We missed Katey Geyer Winant, whose husband, Jake, fell and fractured a rib two days before Reunion. Leila Goldstein Garlock did the same thing, and had to cancel her plans, too.

Carolyn Lapp Black met Ruth Morris at Friendship Village in Tempe, AZ. They had not known each other while at Skidmore.

Tibby Van Ness Reid and Marion Crouze Chase had a great time at our 60th, and hope to be at our 65th.

Nursing majors Elizabeth Thomaier Dunning and Joan Kirwan Schroeder were happy to meet again at Reunion after so many years.
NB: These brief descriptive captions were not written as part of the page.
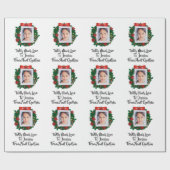 フォトフレーム(リース) ラッピングペーパー (フラット)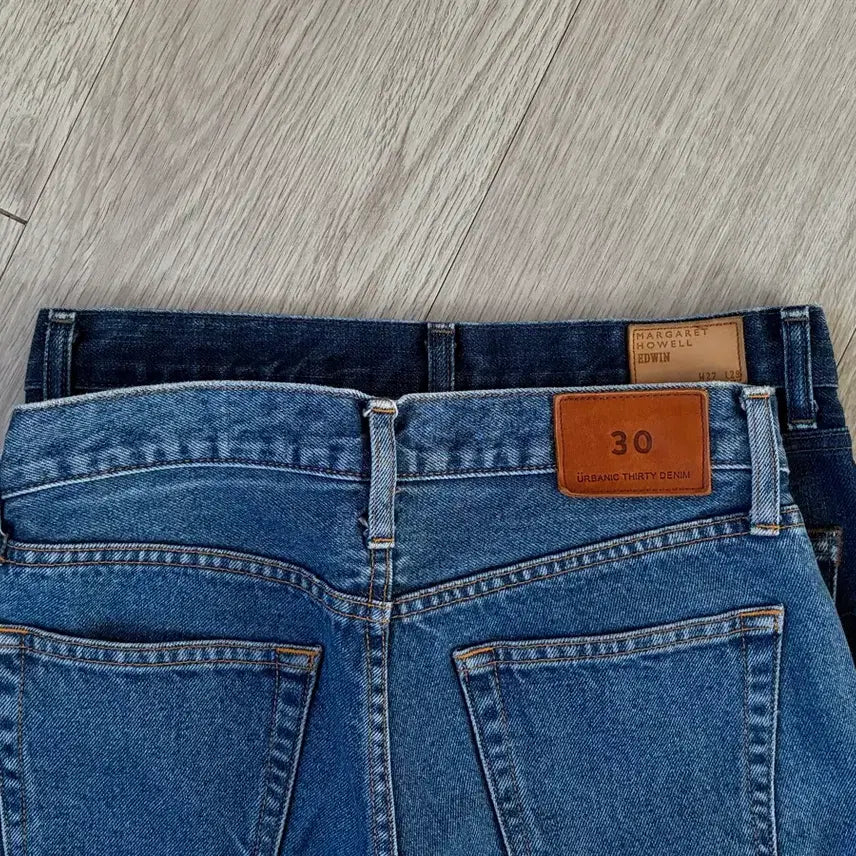 [BUNJANG] Urbanic30 Jeans &amp; Margaret Howell Denim / 얼바닉30 청바지 &amp; 마가렛호웰 데님
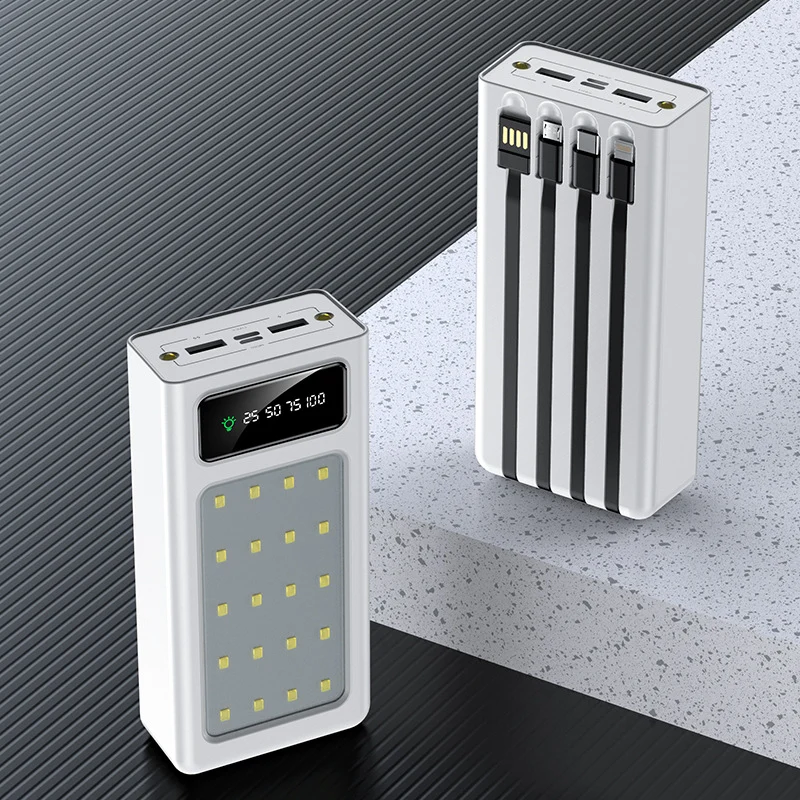 Multifunktionale Powerbank mit LED-Anzeige Skanto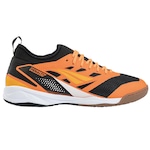 Chuteira Futsal Penalty Max 500 Locker Y-3 - Adulto LARANJA/PRETO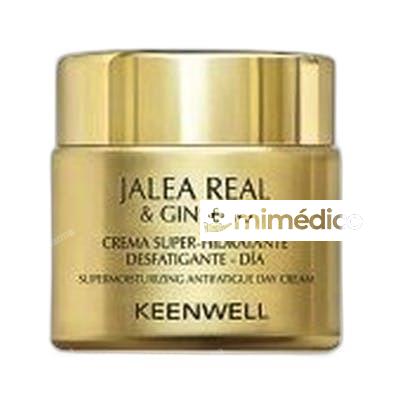 JALEA REAL  GINSENG CREMA SUPER HIDRATANTE DESFATIGANTE DIA KEENWELL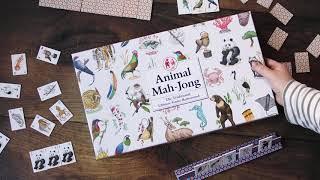 Animal Mah-Jong by Laurence King Publishing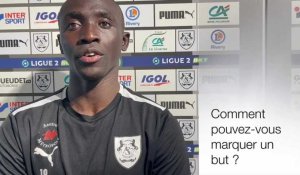 Foot interview Papiss Cissé meilleur buteur de l’Amiens SC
The nursing exhibit in Dana Hall was a highlight for Elizabeth.

Jean Schnabel Bailey and husband Doug live in Spring Harbor, a retirement home in Columbus, GA. Their son Don lives nearby in Atlanta. The Baileys are happy in their new home, which comes with “nice residents, nice staff, and a great saltwater pool.”

Jean Elton Moran continues to work with ESL kids during the school year in Springfield, VA. She enjoyed a great two weeks in Provence, France, this summer.

News from Virginia Tabor Daniels is mixed, with health problems and happy family celebrations. But she remains active in volunteer work at her church and senior center and says, “I count my blessings every day.”

Helen Marriott O’Brien’s husband, Bill, has been battling Alzheimer’s for seven years. They live in Ocean Grove, NJ. Granddaughter Meredith Palmer ’11 and grandniece Sarah Marriott ’11 are both members of this legacy family.

Kay Smith Parkhurst lives a few blocks from Lake Minnetonka in Minnesota, a 90-mile winding shoreline complete with mansions, cottages, and hundreds of boats. She says it’s great in the summertime.

Northbrook, IL, resident Sally Krueger enjoys activities in Chicagoland and stays in touch with Old Greenwich, CT, resident June Lynn Freeman.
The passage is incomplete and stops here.